*Available records*
=== Begin Enclosure ===

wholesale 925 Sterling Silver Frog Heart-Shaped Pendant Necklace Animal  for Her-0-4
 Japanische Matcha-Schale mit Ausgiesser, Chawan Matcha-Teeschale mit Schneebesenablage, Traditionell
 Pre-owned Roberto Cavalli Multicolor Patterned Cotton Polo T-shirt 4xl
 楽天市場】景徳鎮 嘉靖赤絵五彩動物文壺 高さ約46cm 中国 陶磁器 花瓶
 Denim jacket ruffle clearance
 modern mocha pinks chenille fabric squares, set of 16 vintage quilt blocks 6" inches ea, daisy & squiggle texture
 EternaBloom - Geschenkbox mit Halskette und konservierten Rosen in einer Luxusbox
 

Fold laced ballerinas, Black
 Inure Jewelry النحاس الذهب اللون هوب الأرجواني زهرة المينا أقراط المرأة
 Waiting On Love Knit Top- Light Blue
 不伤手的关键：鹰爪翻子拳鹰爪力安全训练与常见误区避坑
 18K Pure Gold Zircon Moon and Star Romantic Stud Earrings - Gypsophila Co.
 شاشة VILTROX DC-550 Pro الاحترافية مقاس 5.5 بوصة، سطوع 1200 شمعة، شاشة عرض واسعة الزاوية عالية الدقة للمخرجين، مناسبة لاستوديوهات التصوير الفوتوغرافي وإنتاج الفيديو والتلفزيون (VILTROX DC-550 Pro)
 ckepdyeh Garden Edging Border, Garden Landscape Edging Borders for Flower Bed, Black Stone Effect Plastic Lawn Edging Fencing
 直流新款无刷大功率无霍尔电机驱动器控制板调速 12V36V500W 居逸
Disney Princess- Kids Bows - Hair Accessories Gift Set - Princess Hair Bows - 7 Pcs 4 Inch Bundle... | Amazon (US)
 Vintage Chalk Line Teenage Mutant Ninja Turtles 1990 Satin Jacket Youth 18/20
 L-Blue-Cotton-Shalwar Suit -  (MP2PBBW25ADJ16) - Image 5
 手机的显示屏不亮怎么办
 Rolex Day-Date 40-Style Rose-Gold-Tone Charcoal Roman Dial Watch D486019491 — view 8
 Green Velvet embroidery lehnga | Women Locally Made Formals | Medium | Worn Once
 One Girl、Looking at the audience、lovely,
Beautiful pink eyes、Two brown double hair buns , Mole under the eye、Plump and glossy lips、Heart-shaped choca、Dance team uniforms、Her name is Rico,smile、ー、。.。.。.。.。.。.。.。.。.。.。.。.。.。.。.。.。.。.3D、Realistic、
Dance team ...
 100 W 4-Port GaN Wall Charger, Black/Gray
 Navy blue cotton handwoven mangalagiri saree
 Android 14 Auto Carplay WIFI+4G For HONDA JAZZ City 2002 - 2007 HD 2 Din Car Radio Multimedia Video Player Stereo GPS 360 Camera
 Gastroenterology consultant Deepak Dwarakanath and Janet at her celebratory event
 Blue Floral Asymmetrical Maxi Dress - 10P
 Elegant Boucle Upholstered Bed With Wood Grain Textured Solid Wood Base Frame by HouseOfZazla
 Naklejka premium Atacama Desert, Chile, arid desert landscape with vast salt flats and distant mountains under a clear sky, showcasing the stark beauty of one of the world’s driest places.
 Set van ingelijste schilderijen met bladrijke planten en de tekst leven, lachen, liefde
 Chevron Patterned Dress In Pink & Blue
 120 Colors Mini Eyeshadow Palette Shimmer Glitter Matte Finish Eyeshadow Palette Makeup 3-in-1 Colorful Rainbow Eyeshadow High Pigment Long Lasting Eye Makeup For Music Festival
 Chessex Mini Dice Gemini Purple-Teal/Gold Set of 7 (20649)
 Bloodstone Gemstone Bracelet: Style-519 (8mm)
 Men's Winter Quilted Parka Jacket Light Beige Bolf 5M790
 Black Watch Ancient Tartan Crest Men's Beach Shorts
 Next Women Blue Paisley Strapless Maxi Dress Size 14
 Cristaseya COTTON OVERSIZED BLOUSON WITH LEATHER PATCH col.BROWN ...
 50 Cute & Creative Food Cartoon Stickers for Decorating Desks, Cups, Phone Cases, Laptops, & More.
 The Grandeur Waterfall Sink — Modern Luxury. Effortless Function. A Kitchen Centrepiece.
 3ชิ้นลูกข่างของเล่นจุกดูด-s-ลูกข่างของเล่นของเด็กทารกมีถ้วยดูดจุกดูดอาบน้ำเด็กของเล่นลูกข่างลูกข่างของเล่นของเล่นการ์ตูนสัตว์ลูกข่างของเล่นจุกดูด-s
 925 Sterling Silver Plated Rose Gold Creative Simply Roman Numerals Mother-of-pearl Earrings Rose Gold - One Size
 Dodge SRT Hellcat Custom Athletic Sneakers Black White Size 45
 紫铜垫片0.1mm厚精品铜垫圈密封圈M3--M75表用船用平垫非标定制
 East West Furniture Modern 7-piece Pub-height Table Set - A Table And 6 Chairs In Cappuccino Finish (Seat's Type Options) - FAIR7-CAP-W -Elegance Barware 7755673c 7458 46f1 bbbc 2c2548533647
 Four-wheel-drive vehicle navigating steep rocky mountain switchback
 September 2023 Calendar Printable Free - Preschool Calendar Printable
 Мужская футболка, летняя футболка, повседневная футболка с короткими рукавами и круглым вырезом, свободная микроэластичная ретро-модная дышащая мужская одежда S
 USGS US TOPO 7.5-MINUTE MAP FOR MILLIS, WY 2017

=== End Enclosure ===

*Work instruction*
Above are records; repeat only the lines starting at the line with "Navy blue cotton handwoven mangalagiri saree" and ending at the line with "3ชิ้นลูกข่างขอ", exactly as they appear, both included.

*Answer box*
 Navy blue cotton handwoven mangalagiri saree
 Android 14 Auto Carplay WIFI+4G For HONDA JAZZ City 2002 - 2007 HD 2 Din Car Radio Multimedia Video Player Stereo GPS 360 Camera
 Gastroenterology consultant Deepak Dwarakanath and Janet at her celebratory event
 Blue Floral Asymmetrical Maxi Dress - 10P
 Elegant Boucle Upholstered Bed With Wood Grain Textured Solid Wood Base Frame by HouseOfZazla
 Naklejka premium Atacama Desert, Chile, arid desert landscape with vast salt flats and distant mountains under a clear sky, showcasing the stark beauty of one of the world’s driest places.
 Set van ingelijste schilderijen met bladrijke planten en de tekst leven, lachen, liefde
 Chevron Patterned Dress In Pink & Blue
 120 Colors Mini Eyeshadow Palette Shimmer Glitter Matte Finish Eyeshadow Palette Makeup 3-in-1 Colorful Rainbow Eyeshadow High Pigment Long Lasting Eye Makeup For Music Festival
 Chessex Mini Dice Gemini Purple-Teal/Gold Set of 7 (20649)
 Bloodstone Gemstone Bracelet: Style-519 (8mm)
 Men's Winter Quilted Parka Jacket Light Beige Bolf 5M790
 Black Watch Ancient Tartan Crest Men's Beach Shorts
 Next Women Blue Paisley Strapless Maxi Dress Size 14
 Cristaseya COTTON OVERSIZED BLOUSON WITH LEATHER PATCH col.BROWN ...
 50 Cute & Creative Food Cartoon Stickers for Decorating Desks, Cups, Phone Cases, Laptops, & More.
 The Grandeur Waterfall Sink — Modern Luxury. Effortless Function. A Kitchen Centrepiece.
 3ชิ้นลูกข่างของเล่นจุกดูด-s-ลูกข่างของเล่นของเด็กทารกมีถ้วยดูดจุกดูดอาบน้ำเด็กของเล่นลูกข่างลูกข่างของเล่นของเล่นการ์ตูนสัตว์ลูกข่างของเล่นจุกดูด-s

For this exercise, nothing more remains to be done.